A gestão abriu mão de contratações e títulos para sanear as finanças. Foi preciso disciplina, aperto e se abster de buscar resultados não sustentáveis, em prol de gerar as condições de êxito sustentado. Entregou o clube à atual gestão com R$ 100 milhões em caixa para novas contratações.
Em menos de um ano, em que pese a fatalidade do Ninho do Urubu e a trágica morte daquelas crianças, o Flamengo conquistou o Brasileirão e a Libertadores, sob o comando do obcecado português Jorge Jesus.
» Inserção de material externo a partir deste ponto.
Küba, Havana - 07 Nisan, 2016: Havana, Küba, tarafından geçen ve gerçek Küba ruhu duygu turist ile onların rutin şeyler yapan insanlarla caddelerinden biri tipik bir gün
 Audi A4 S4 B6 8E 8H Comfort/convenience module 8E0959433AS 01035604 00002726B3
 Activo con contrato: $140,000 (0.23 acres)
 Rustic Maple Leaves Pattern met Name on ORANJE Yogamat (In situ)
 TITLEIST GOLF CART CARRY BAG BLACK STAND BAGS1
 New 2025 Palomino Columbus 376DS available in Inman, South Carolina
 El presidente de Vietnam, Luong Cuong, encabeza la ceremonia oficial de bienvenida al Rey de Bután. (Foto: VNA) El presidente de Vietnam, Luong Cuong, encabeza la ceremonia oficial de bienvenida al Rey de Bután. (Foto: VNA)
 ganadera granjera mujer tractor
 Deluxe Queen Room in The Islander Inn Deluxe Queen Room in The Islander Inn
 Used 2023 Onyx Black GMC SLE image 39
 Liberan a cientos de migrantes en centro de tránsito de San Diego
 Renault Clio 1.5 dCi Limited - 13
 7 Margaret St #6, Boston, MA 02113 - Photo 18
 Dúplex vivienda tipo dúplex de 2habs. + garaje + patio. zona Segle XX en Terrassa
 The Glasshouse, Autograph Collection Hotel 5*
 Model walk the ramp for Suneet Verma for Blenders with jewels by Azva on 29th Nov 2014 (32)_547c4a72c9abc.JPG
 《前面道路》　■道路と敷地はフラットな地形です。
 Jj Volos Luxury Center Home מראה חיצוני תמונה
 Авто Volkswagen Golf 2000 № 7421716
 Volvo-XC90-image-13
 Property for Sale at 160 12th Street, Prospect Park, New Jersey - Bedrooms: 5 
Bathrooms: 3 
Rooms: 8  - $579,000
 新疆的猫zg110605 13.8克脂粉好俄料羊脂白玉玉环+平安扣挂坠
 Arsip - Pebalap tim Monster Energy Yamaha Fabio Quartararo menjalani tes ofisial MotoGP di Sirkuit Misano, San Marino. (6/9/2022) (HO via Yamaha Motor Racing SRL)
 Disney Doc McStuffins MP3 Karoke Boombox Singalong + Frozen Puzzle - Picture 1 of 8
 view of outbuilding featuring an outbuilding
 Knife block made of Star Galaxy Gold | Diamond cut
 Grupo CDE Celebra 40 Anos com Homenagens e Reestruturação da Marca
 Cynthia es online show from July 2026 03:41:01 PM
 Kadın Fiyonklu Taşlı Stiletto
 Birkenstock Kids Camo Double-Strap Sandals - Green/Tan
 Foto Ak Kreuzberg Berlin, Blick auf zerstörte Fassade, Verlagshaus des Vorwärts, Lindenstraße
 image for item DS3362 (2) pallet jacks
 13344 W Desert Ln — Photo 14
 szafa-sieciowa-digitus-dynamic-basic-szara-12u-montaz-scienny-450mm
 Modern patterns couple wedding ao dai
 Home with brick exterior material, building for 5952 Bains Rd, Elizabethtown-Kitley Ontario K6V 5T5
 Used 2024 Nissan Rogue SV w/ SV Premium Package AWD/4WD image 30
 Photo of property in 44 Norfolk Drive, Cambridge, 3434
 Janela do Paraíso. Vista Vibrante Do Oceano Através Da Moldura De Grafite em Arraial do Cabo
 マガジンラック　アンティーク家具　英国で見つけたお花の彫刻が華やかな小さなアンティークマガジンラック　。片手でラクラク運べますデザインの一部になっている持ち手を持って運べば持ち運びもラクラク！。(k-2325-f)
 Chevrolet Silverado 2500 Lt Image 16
O governo está em mais apuros do que o Flamengo de 2012 e deve focar a redução de gastos. Como no futebol, as contas não estão saneadas e, por isso, o time de empresas que gera emprego e desenvolvimento não tem jogado bem. Como consequência, muitos defendem tentações de curto prazo via gastos e dívida. Os políticos fazem bem em ignorar esse devaneio, mantendo a trajetória de saneamento das contas públicas.
O futebol é um fim em si mesmo, alheio à razão pura. O futuro do Brasil e de nossos filhos também. David Hume apregoava que a razão é escrava das paixões. O torcedor concorda e argumenta que essa paixão aglutina, traz pertencimento e esperança de glória. Não há nada de errado em torcer pelo Brasil, mas, sem amplas reformas e a redução do Estado, esse título ficará cada vez mais longe.